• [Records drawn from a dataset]
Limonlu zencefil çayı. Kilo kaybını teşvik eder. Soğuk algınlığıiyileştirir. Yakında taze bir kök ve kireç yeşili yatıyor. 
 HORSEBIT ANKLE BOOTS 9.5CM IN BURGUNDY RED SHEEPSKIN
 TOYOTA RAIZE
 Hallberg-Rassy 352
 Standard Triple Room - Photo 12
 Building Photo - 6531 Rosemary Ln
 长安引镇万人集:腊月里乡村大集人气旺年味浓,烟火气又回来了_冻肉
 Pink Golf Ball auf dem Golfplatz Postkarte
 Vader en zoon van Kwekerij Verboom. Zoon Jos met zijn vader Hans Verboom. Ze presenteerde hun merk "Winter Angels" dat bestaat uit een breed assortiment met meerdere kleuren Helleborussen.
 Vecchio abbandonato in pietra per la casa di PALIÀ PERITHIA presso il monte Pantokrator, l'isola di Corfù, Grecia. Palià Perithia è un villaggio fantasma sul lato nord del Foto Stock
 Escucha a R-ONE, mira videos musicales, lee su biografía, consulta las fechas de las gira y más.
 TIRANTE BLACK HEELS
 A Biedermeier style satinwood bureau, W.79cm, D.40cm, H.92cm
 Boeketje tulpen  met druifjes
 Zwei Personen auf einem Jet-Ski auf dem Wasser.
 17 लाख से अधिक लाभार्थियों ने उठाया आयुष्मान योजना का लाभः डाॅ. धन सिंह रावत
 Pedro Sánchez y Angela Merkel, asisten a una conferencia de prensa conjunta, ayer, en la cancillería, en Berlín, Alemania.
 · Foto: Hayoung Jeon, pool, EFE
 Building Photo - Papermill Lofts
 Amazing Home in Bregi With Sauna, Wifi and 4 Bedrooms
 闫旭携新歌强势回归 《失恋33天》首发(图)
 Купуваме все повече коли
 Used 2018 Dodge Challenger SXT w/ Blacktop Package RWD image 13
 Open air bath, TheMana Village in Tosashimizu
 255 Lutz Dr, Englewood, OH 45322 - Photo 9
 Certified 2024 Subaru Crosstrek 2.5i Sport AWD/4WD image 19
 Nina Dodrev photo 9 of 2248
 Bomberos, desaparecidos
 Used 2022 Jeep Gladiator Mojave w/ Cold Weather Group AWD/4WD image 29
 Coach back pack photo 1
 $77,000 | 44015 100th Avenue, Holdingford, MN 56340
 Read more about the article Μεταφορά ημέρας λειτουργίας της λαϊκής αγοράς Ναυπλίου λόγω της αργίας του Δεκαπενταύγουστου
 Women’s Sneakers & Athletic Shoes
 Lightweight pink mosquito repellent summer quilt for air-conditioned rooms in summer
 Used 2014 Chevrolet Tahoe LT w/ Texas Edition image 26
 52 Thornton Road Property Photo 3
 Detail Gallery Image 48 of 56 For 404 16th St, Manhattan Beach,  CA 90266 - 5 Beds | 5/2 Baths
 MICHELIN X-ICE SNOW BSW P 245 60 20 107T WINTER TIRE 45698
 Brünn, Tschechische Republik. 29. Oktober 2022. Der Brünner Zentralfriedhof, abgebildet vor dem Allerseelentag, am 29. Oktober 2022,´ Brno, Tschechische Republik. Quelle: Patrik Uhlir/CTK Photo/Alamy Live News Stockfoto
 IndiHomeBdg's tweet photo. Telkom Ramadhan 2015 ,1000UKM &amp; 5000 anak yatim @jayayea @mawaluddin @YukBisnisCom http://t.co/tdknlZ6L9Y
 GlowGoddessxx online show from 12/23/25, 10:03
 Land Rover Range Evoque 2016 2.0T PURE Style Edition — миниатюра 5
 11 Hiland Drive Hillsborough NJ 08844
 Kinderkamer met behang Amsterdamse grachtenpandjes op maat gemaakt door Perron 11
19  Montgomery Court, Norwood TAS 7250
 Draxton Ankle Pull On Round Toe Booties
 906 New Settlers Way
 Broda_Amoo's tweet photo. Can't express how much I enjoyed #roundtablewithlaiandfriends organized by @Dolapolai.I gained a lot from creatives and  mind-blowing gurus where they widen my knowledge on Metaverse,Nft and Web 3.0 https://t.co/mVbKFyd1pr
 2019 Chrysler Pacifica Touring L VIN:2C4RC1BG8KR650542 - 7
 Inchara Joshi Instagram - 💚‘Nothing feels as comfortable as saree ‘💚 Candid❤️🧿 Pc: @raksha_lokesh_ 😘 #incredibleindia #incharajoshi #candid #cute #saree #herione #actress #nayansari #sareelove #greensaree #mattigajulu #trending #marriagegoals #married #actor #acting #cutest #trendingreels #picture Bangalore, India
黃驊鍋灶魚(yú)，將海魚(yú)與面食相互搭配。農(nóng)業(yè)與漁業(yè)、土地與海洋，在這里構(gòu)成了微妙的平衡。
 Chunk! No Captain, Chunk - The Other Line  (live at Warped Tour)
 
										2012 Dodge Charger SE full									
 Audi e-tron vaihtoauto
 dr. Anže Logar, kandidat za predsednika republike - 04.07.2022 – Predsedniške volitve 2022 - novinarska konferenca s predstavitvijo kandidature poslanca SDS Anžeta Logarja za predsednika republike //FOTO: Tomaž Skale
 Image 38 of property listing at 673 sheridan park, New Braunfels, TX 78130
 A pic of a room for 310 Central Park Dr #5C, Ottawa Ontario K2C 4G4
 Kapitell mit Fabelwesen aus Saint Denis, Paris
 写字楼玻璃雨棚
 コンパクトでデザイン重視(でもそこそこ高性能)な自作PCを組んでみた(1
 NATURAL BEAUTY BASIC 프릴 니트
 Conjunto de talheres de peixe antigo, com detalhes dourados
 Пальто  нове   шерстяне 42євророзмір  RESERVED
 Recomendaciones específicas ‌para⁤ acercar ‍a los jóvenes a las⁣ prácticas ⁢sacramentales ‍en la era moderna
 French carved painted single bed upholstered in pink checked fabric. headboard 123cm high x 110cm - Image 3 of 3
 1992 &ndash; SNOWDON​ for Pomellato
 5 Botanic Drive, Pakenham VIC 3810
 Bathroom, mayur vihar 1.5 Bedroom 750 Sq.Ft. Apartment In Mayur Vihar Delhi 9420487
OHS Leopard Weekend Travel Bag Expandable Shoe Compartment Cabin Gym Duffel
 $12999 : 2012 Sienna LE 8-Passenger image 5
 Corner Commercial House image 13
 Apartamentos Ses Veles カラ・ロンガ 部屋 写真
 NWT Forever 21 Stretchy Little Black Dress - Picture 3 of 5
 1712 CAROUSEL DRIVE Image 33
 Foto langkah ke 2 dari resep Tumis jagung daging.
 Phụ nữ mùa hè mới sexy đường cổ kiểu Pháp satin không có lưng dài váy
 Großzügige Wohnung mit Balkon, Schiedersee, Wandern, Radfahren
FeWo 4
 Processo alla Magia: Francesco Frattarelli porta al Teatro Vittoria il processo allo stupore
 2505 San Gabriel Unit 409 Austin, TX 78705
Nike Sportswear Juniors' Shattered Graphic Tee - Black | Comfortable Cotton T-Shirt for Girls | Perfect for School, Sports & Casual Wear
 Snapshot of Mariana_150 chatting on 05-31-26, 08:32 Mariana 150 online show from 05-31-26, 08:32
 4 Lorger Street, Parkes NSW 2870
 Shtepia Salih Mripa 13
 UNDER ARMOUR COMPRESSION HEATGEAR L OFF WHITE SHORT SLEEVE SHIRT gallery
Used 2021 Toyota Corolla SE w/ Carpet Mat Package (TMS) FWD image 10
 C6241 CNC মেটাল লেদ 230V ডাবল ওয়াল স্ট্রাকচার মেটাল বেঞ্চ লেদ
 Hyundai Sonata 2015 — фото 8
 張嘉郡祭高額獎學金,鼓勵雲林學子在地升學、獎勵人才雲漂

• [TO DO] Could you return all the data above exactly as it appears?

• [YOUR SOLUTION]
Limonlu zencefil çayı. Kilo kaybını teşvik eder. Soğuk algınlığıiyileştirir. Yakında taze bir kök ve kireç yeşili yatıyor. 
 HORSEBIT ANKLE BOOTS 9.5CM IN BURGUNDY RED SHEEPSKIN
 TOYOTA RAIZE
 Hallberg-Rassy 352
 Standard Triple Room - Photo 12
 Building Photo - 6531 Rosemary Ln
 长安引镇万人集:腊月里乡村大集人气旺年味浓,烟火气又回来了_冻肉
 Pink Golf Ball auf dem Golfplatz Postkarte
 Vader en zoon van Kwekerij Verboom. Zoon Jos met zijn vader Hans Verboom. Ze presenteerde hun merk "Winter Angels" dat bestaat uit een breed assortiment met meerdere kleuren Helleborussen.
 Vecchio abbandonato in pietra per la casa di PALIÀ PERITHIA presso il monte Pantokrator, l'isola di Corfù, Grecia. Palià Perithia è un villaggio fantasma sul lato nord del Foto Stock
 Escucha a R-ONE, mira videos musicales, lee su biografía, consulta las fechas de las gira y más.
 TIRANTE BLACK HEELS
 A Biedermeier style satinwood bureau, W.79cm, D.40cm, H.92cm
 Boeketje tulpen  met druifjes
 Zwei Personen auf einem Jet-Ski auf dem Wasser.
 17 लाख से अधिक लाभार्थियों ने उठाया आयुष्मान योजना का लाभः डाॅ. धन सिंह रावत
 Pedro Sánchez y Angela Merkel, asisten a una conferencia de prensa conjunta, ayer, en la cancillería, en Berlín, Alemania.
 · Foto: Hayoung Jeon, pool, EFE
 Building Photo - Papermill Lofts
 Amazing Home in Bregi With Sauna, Wifi and 4 Bedrooms
 闫旭携新歌强势回归 《失恋33天》首发(图)
 Купуваме все повече коли
 Used 2018 Dodge Challenger SXT w/ Blacktop Package RWD image 13
 Open air bath, TheMana Village in Tosashimizu
 255 Lutz Dr, Englewood, OH 45322 - Photo 9
 Certified 2024 Subaru Crosstrek 2.5i Sport AWD/4WD image 19
 Nina Dodrev photo 9 of 2248
 Bomberos, desaparecidos
 Used 2022 Jeep Gladiator Mojave w/ Cold Weather Group AWD/4WD image 29
 Coach back pack photo 1
 $77,000 | 44015 100th Avenue, Holdingford, MN 56340
 Read more about the article Μεταφορά ημέρας λειτουργίας της λαϊκής αγοράς Ναυπλίου λόγω της αργίας του Δεκαπενταύγουστου
 Women’s Sneakers & Athletic Shoes
 Lightweight pink mosquito repellent summer quilt for air-conditioned rooms in summer
 Used 2014 Chevrolet Tahoe LT w/ Texas Edition image 26
 52 Thornton Road Property Photo 3
 Detail Gallery Image 48 of 56 For 404 16th St, Manhattan Beach,  CA 90266 - 5 Beds | 5/2 Baths
 MICHELIN X-ICE SNOW BSW P 245 60 20 107T WINTER TIRE 45698
 Brünn, Tschechische Republik. 29. Oktober 2022. Der Brünner Zentralfriedhof, abgebildet vor dem Allerseelentag, am 29. Oktober 2022,´ Brno, Tschechische Republik. Quelle: Patrik Uhlir/CTK Photo/Alamy Live News Stockfoto
 IndiHomeBdg's tweet photo. Telkom Ramadhan 2015 ,1000UKM &amp; 5000 anak yatim @jayayea @mawaluddin @YukBisnisCom http://t.co/tdknlZ6L9Y
 GlowGoddessxx online show from 12/23/25, 10:03
 Land Rover Range Evoque 2016 2.0T PURE Style Edition — миниатюра 5
 11 Hiland Drive Hillsborough NJ 08844
 Kinderkamer met behang Amsterdamse grachtenpandjes op maat gemaakt door Perron 11
19  Montgomery Court, Norwood TAS 7250
 Draxton Ankle Pull On Round Toe Booties
 906 New Settlers Way
 Broda_Amoo's tweet photo. Can't express how much I enjoyed #roundtablewithlaiandfriends organized by @Dolapolai.I gained a lot from creatives and  mind-blowing gurus where they widen my knowledge on Metaverse,Nft and Web 3.0 https://t.co/mVbKFyd1pr
 2019 Chrysler Pacifica Touring L VIN:2C4RC1BG8KR650542 - 7
 Inchara Joshi Instagram - 💚‘Nothing feels as comfortable as saree ‘💚 Candid❤️🧿 Pc: @raksha_lokesh_ 😘 #incredibleindia #incharajoshi #candid #cute #saree #herione #actress #nayansari #sareelove #greensaree #mattigajulu #trending #marriagegoals #married #actor #acting #cutest #trendingreels #picture Bangalore, India
黃驊鍋灶魚(yú)，將海魚(yú)與面食相互搭配。農(nóng)業(yè)與漁業(yè)、土地與海洋，在這里構(gòu)成了微妙的平衡。
 Chunk! No Captain, Chunk - The Other Line  (live at Warped Tour)
 
										2012 Dodge Charger SE full									
 Audi e-tron vaihtoauto
 dr. Anže Logar, kandidat za predsednika republike - 04.07.2022 – Predsedniške volitve 2022 - novinarska konferenca s predstavitvijo kandidature poslanca SDS Anžeta Logarja za predsednika republike //FOTO: Tomaž Skale
 Image 38 of property listing at 673 sheridan park, New Braunfels, TX 78130
 A pic of a room for 310 Central Park Dr #5C, Ottawa Ontario K2C 4G4
 Kapitell mit Fabelwesen aus Saint Denis, Paris
 写字楼玻璃雨棚
 コンパクトでデザイン重視(でもそこそこ高性能)な自作PCを組んでみた(1
 NATURAL BEAUTY BASIC 프릴 니트
 Conjunto de talheres de peixe antigo, com detalhes dourados
 Пальто  нове   шерстяне 42євророзмір  RESERVED
 Recomendaciones específicas ‌para⁤ acercar ‍a los jóvenes a las⁣ prácticas ⁢sacramentales ‍en la era moderna
 French carved painted single bed upholstered in pink checked fabric. headboard 123cm high x 110cm - Image 3 of 3
 1992 &ndash; SNOWDON​ for Pomellato
 5 Botanic Drive, Pakenham VIC 3810
 Bathroom, mayur vihar 1.5 Bedroom 750 Sq.Ft. Apartment In Mayur Vihar Delhi 9420487
OHS Leopard Weekend Travel Bag Expandable Shoe Compartment Cabin Gym Duffel
 $12999 : 2012 Sienna LE 8-Passenger image 5
 Corner Commercial House image 13
 Apartamentos Ses Veles カラ・ロンガ 部屋 写真
 NWT Forever 21 Stretchy Little Black Dress - Picture 3 of 5
 1712 CAROUSEL DRIVE Image 33
 Foto langkah ke 2 dari resep Tumis jagung daging.
 Phụ nữ mùa hè mới sexy đường cổ kiểu Pháp satin không có lưng dài váy
 Großzügige Wohnung mit Balkon, Schiedersee, Wandern, Radfahren
FeWo 4
 Processo alla Magia: Francesco Frattarelli porta al Teatro Vittoria il processo allo stupore
 2505 San Gabriel Unit 409 Austin, TX 78705
Nike Sportswear Juniors' Shattered Graphic Tee - Black | Comfortable Cotton T-Shirt for Girls | Perfect for School, Sports & Casual Wear
 Snapshot of Mariana_150 chatting on 05-31-26, 08:32 Mariana 150 online show from 05-31-26, 08:32
 4 Lorger Street, Parkes NSW 2870
 Shtepia Salih Mripa 13
 UNDER ARMOUR COMPRESSION HEATGEAR L OFF WHITE SHORT SLEEVE SHIRT gallery
Used 2021 Toyota Corolla SE w/ Carpet Mat Package (TMS) FWD image 10
 C6241 CNC মেটাল লেদ 230V ডাবল ওয়াল স্ট্রাকচার মেটাল বেঞ্চ লেদ
 Hyundai Sonata 2015 — фото 8
 張嘉郡祭高額獎學金,鼓勵雲林學子在地升學、獎勵人才雲漂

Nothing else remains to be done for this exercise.